[DATA FOR THIS EXERCISE Boundary: Start]

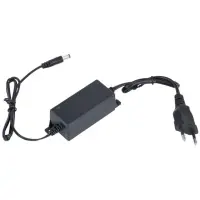 POWER SUPPLY 12V 1A/PFM325D-1210EN DAHUA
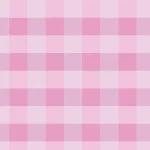 Start Decor- Chess-5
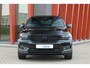 Volvo XC40 T5 Recharge R-Design | 21 inch | Glossy Black | Navigatie | Airco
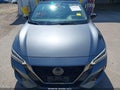 2022 Nissan Sentra — photo 17 of 17 | VIN 3N1AB8DV1NY242539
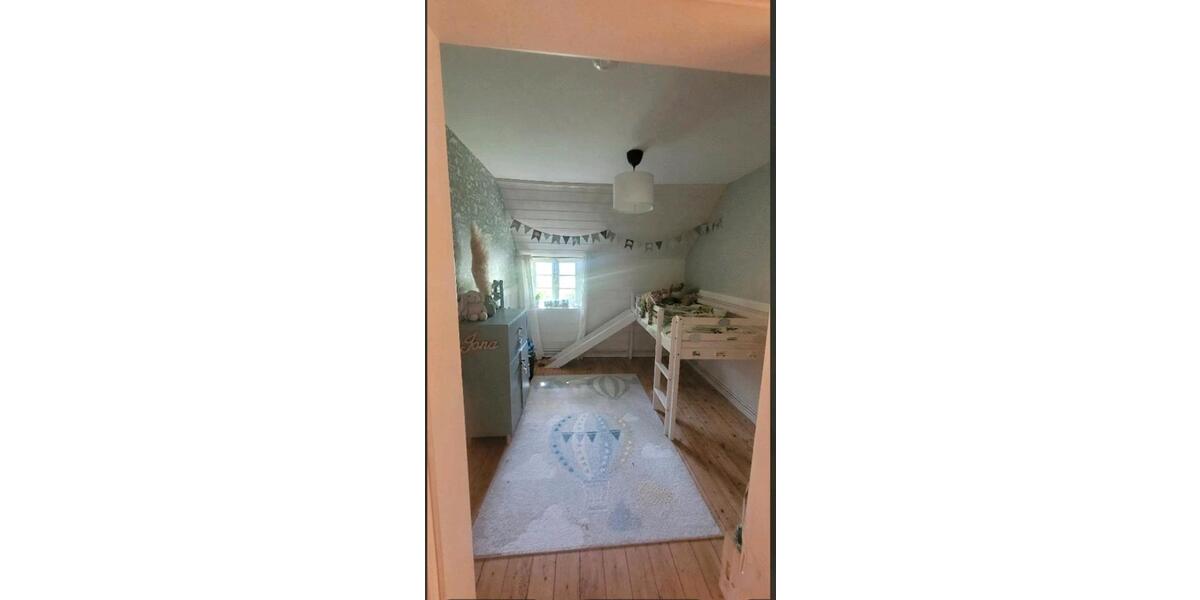 Einfamilienhaus Schwanewede - 10 Zimmer, 186 m&sup2;, 575.000&euro; | Angebot:26800179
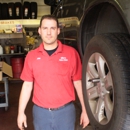 Mike's Auto Clinic - Automobile Parts & Supplies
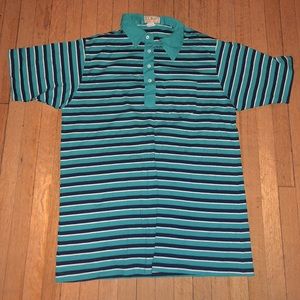 LL bean Polo shirt 🔥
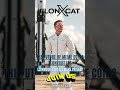 from memes to the moon join elonxcat 🪐💫 elonxmusk u0026 spacex meme coin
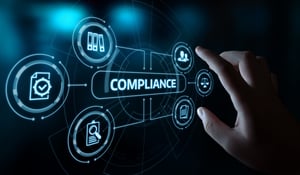 Regulatory Compliance_1280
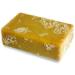  Beaut & Hygi ne Cl mence & Vivien - Le Saint-Bernard Superfat Soap 100g - Pack of 3 - Buy Online on GoSupps.com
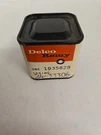 24-33306 Delco Remy Shift Lever Tension Spring Fits Mercruiser Gm Stern Drive. Fixed Price $10.00.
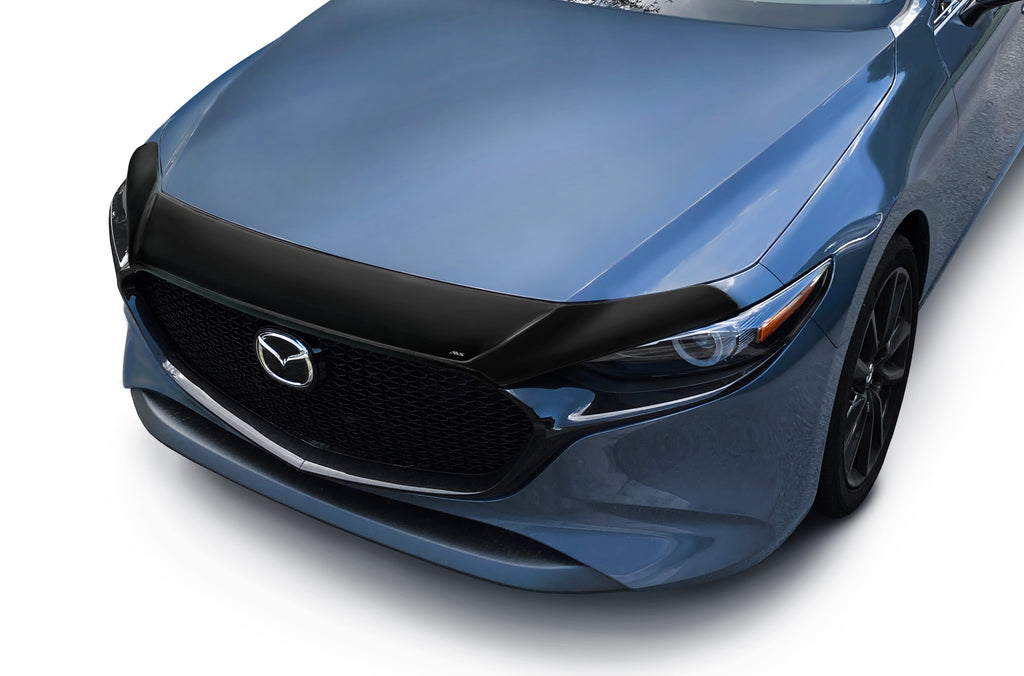 avs_aeroskin_smoke_mazda_3_side_322179.jpg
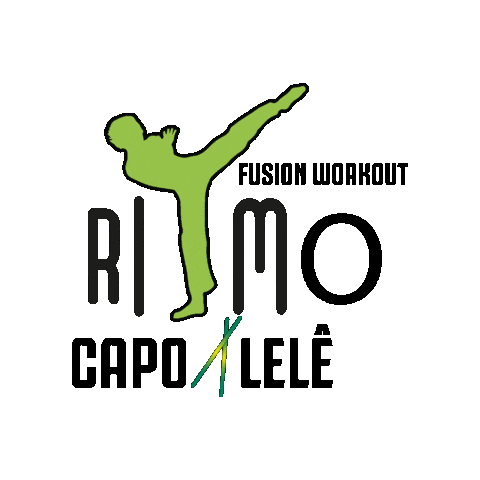 ritmo_fitdance giphygifmaker ritmo ritmofit ritmofitdance Sticker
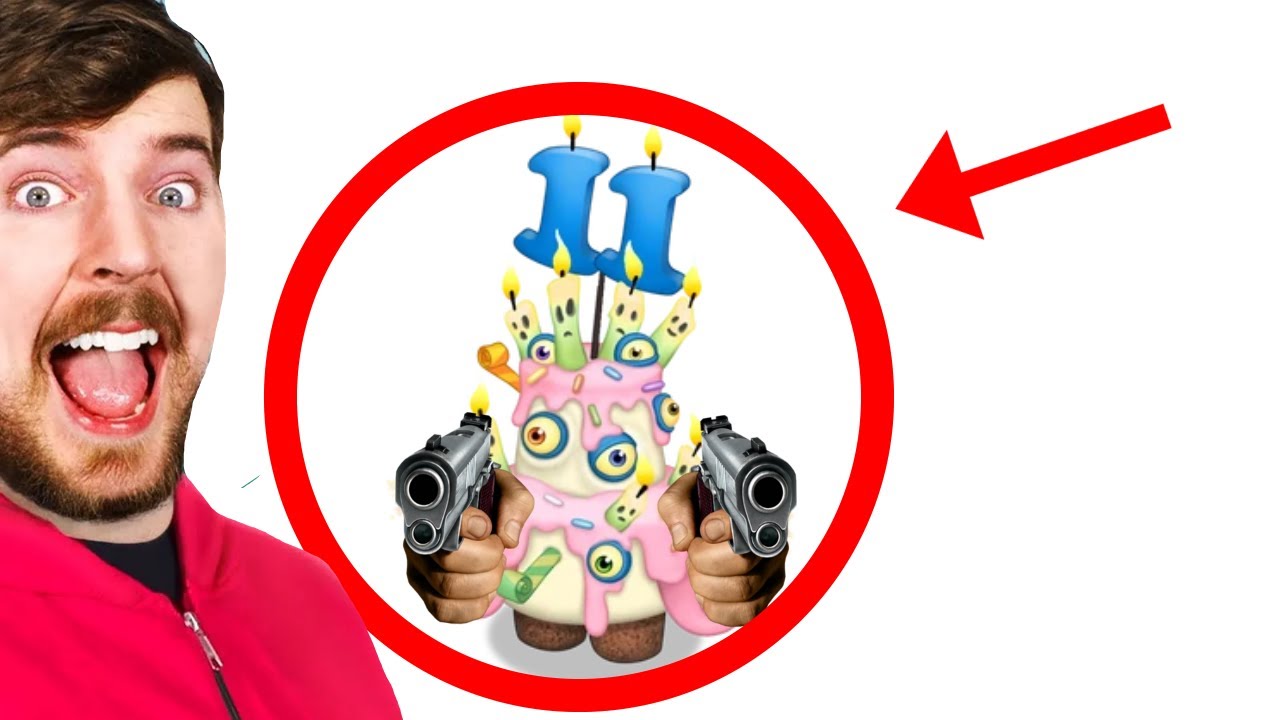 Gold Island Jamboree fixed YouTube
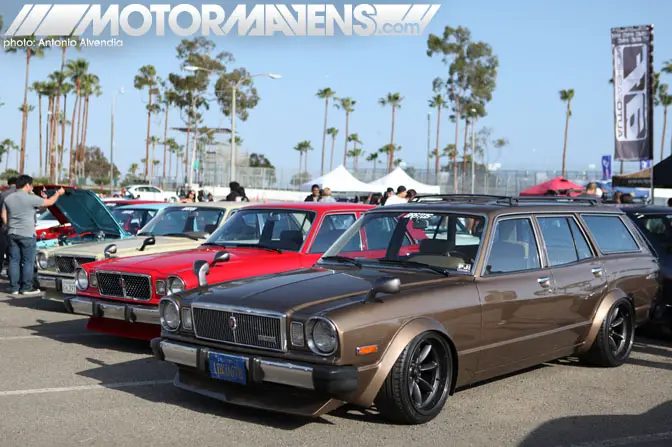 cressida_wagon6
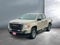 2022 GMC Canyon AT4 - Leather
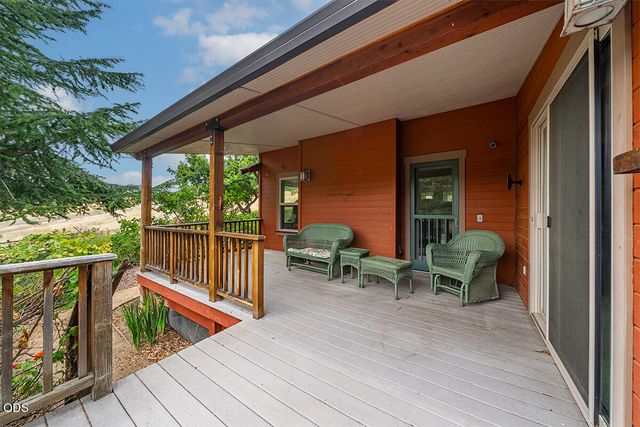 2815 Dead Indian Memorial Road, Ashland, OR 97520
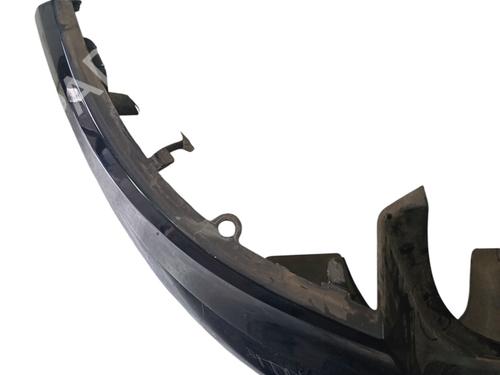 Rear bumper PEUGEOT 308 II (LB_, LP_, LW_, LH_, L3_) 1.2 THP 130 | BP28498449C8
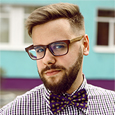 Client Photo
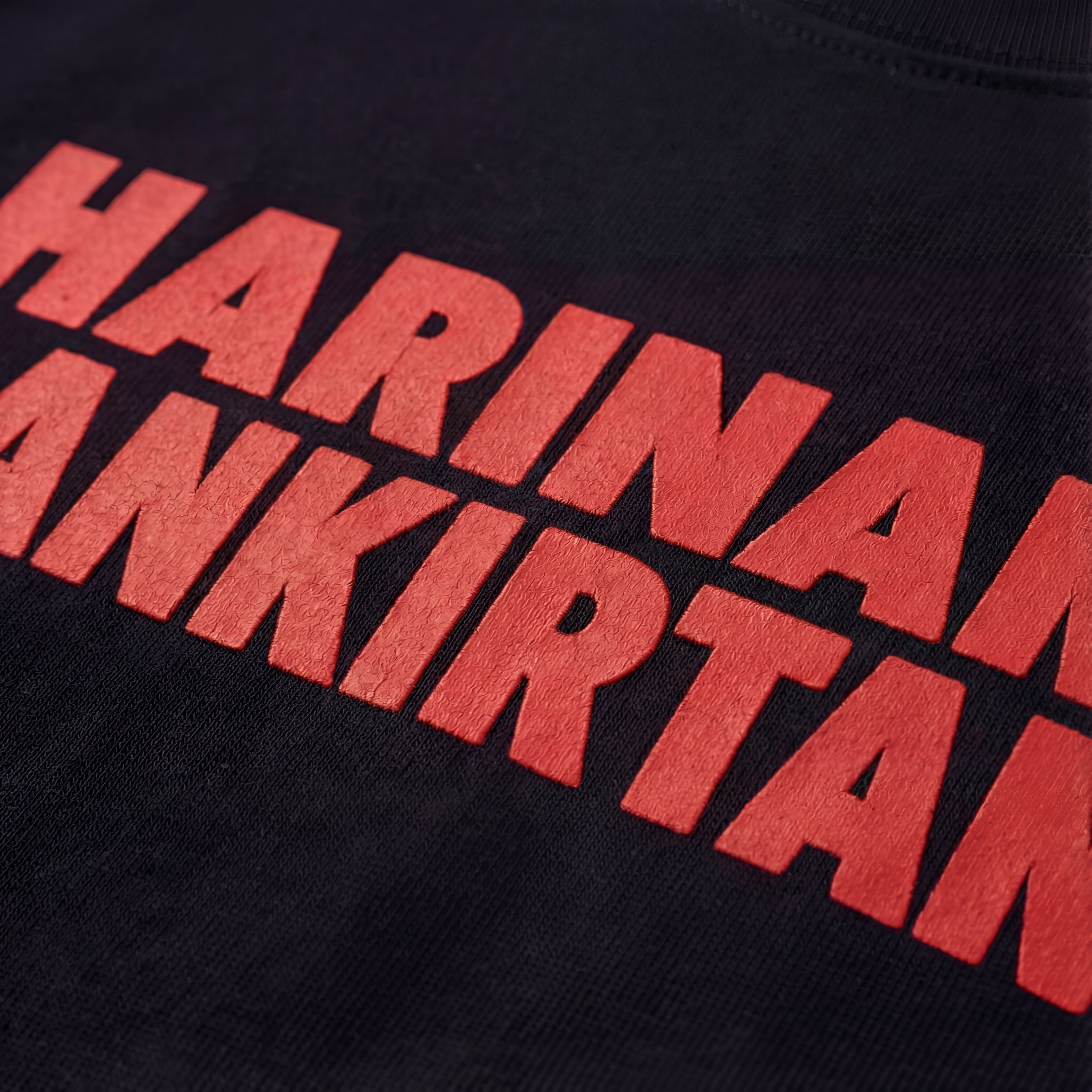 harinam bhakty.store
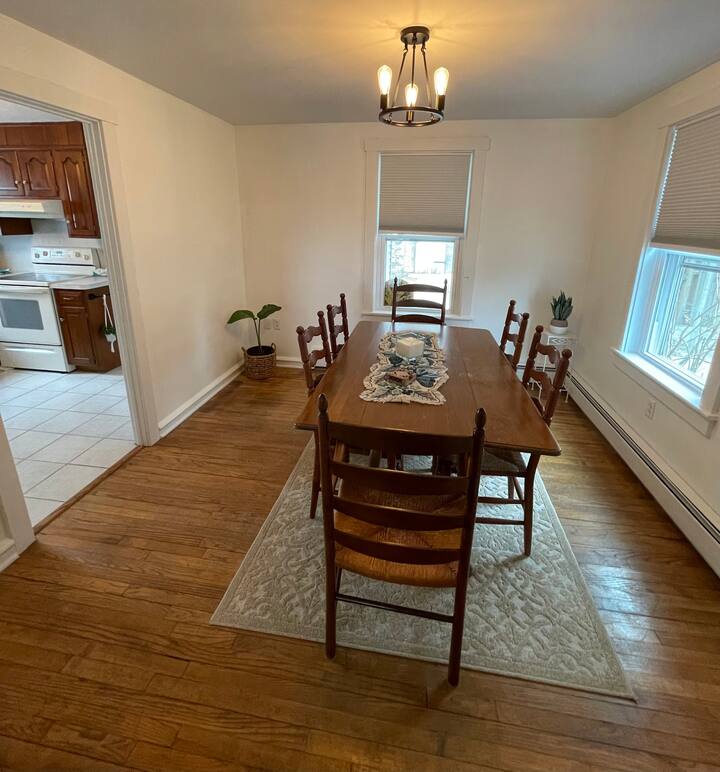 Top 10 PetFriendly Rentals In Berks County, Pennsylvania Updated 2024 Trip101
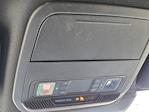 2027 Ford Explorer RWD SUV for sale #8470 - photo 33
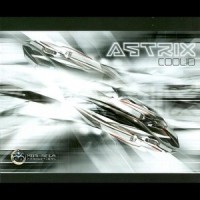 Purchase Astrix - Coolio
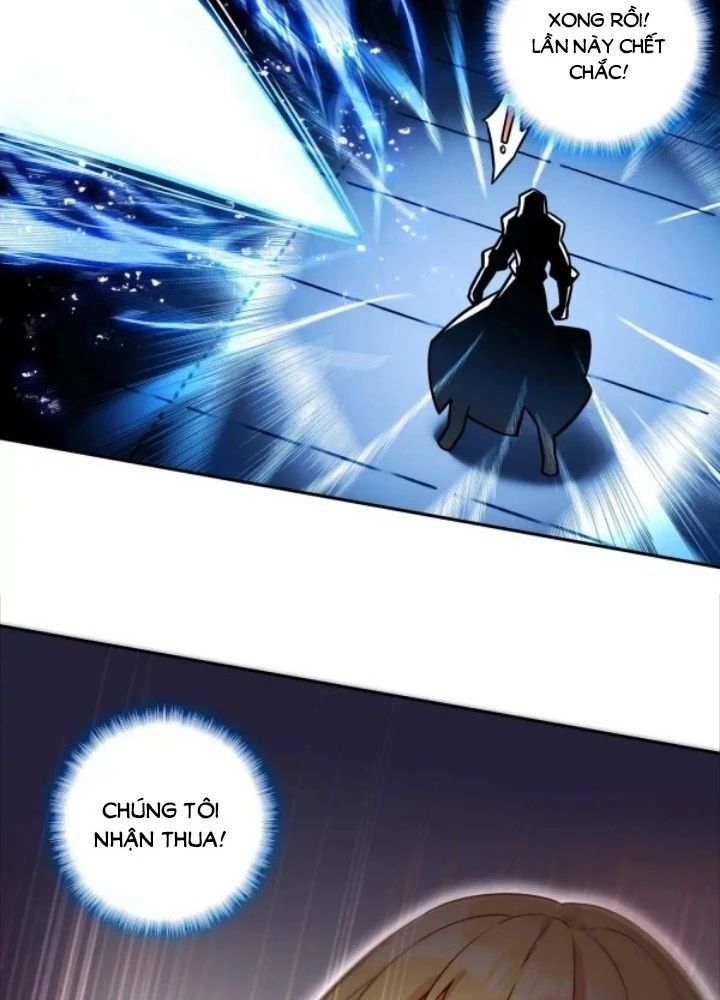 Thiên Châu Biến - Chapter 119 - Page 75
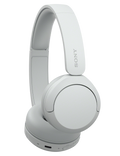 Bezdrátová sluchátka Sony WH-CH520, bílá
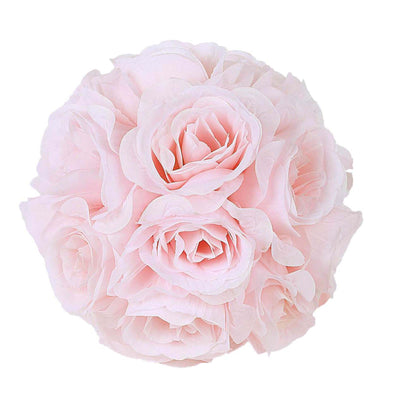 Elegant Design for Any Occasion Elegant Design for Any Occasion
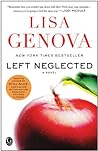 Left Neglected by Lisa Genova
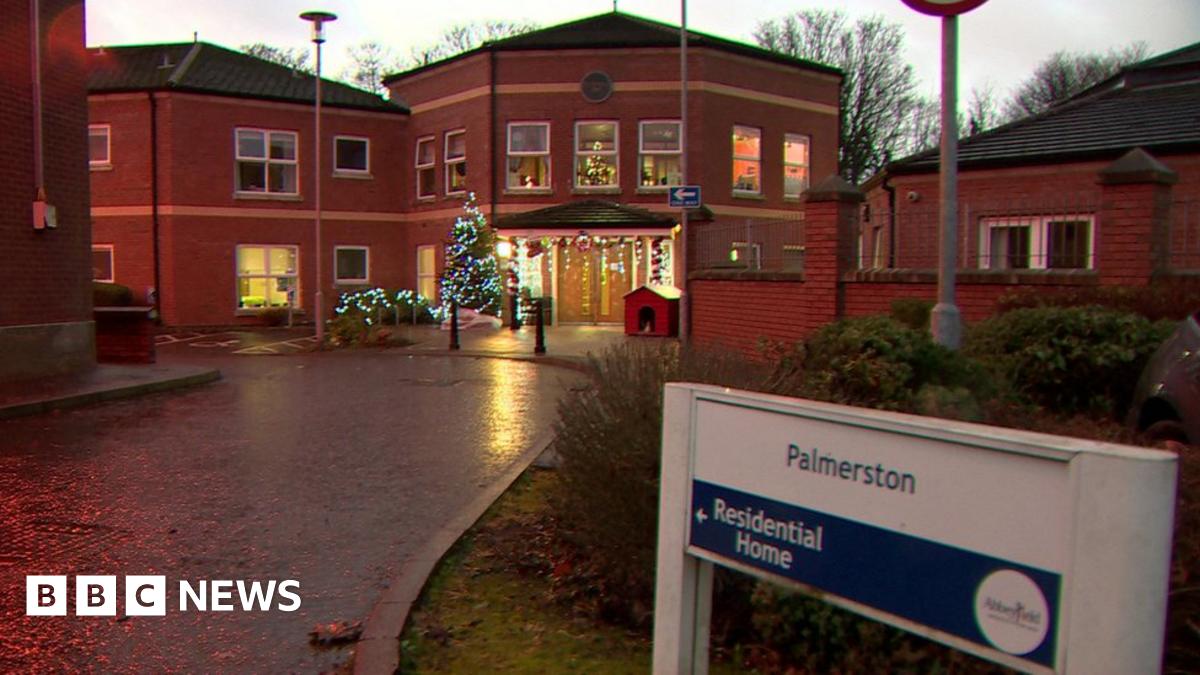 www.bbc.co.uk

[DATA FOR THIS EXERCISE Boundary: End]

WHAT THIS TASK INVOLVES:
Return exactly the stretch above whose first line contains "Volvo XC40 T5" and whose last line contains "Beaut & Hygi", and nothing outside it. The pictures should not appear.

SOLUTION TO THE PROBLEM:
 Volvo XC40 T5 Recharge R-Design | 21 inch | Glossy Black | Navigatie | Airco
 2022 Nissan Sentra — photo 17 of 17 | VIN 3N1AB8DV1NY242539
 Einfamilienhaus Schwanewede - 10 Zimmer, 186 m&sup2;, 575.000&euro; | Angebot:26800179
 Mike's Auto Clinic - Automobile Parts & Supplies
 LL bean Polo shirt 🔥
 from memes to the moon join elonxcat 🪐💫 elonxmusk u0026 spacex meme coin
 Regulatory Compliance_1280
  Beaut & Hygi ne Cl mence & Vivien - Le Saint-Bernard Superfat Soap 100g - Pack of 3 - Buy Online on GoSupps.com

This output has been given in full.